> _PROVIDED MATERIAL_
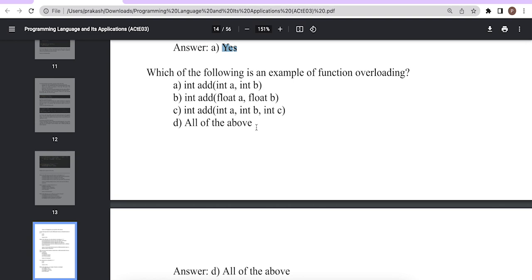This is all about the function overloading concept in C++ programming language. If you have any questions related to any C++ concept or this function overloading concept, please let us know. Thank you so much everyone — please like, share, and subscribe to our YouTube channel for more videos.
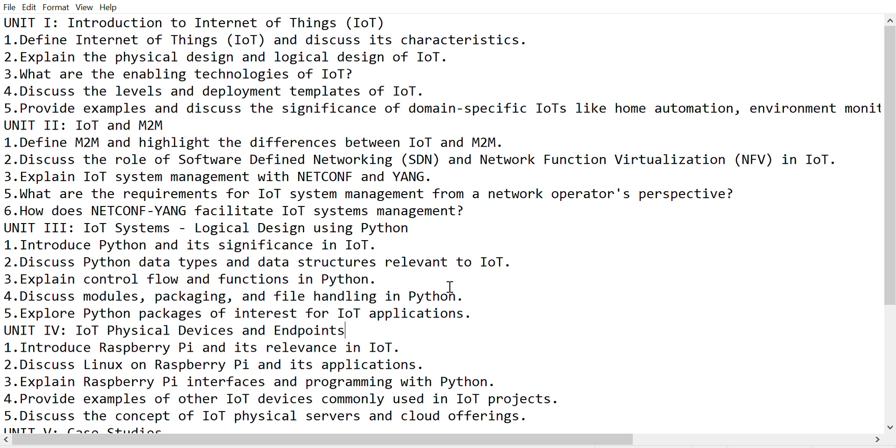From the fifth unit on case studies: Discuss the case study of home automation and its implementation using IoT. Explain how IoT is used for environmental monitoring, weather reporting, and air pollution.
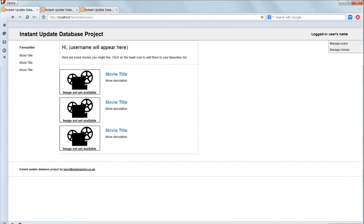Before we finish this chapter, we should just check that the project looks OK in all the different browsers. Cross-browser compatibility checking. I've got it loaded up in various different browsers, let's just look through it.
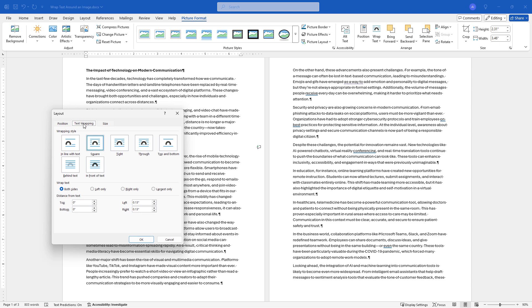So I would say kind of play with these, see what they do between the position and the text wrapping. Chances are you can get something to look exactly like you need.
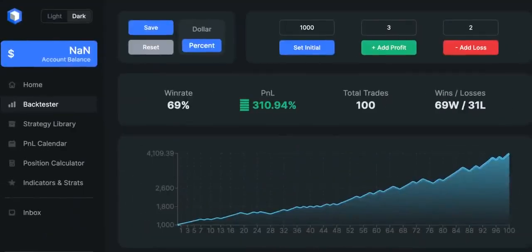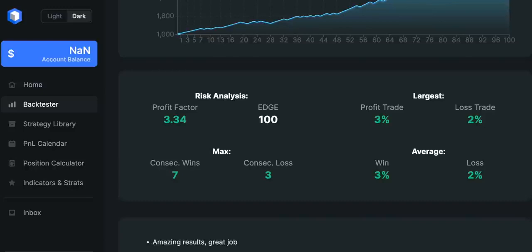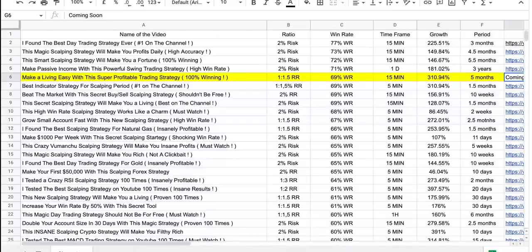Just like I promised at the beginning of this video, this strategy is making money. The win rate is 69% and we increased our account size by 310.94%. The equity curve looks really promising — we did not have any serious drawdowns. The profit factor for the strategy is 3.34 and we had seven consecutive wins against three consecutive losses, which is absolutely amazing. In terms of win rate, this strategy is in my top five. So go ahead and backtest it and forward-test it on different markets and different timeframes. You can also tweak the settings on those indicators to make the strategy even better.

> _INSTRUCTIONS FOR THE TASK_
Would you repeat the listing word for word and skip every picture?

> _FINISHED TASK_
This is all about the function overloading concept in C++ programming language. If you have any questions related to any C++ concept or this function overloading concept, please let us know. Thank you so much everyone — please like, share, and subscribe to our YouTube channel for more videos.
From the fifth unit on case studies: Discuss the case study of home automation and its implementation using IoT. Explain how IoT is used for environmental monitoring, weather reporting, and air pollution.
Before we finish this chapter, we should just check that the project looks OK in all the different browsers. Cross-browser compatibility checking. I've got it loaded up in various different browsers, let's just look through it.
So I would say kind of play with these, see what they do between the position and the text wrapping. Chances are you can get something to look exactly like you need.
Just like I promised at the beginning of this video, this strategy is making money. The win rate is 69% and we increased our account size by 310.94%. The equity curve looks really promising — we did not have any serious drawdowns. The profit factor for the strategy is 3.34 and we had seven consecutive wins against three consecutive losses, which is absolutely amazing. In terms of win rate, this strategy is in my top five. So go ahead and backtest it and forward-test it on different markets and different timeframes. You can also tweak the settings on those indicators to make the strategy even better.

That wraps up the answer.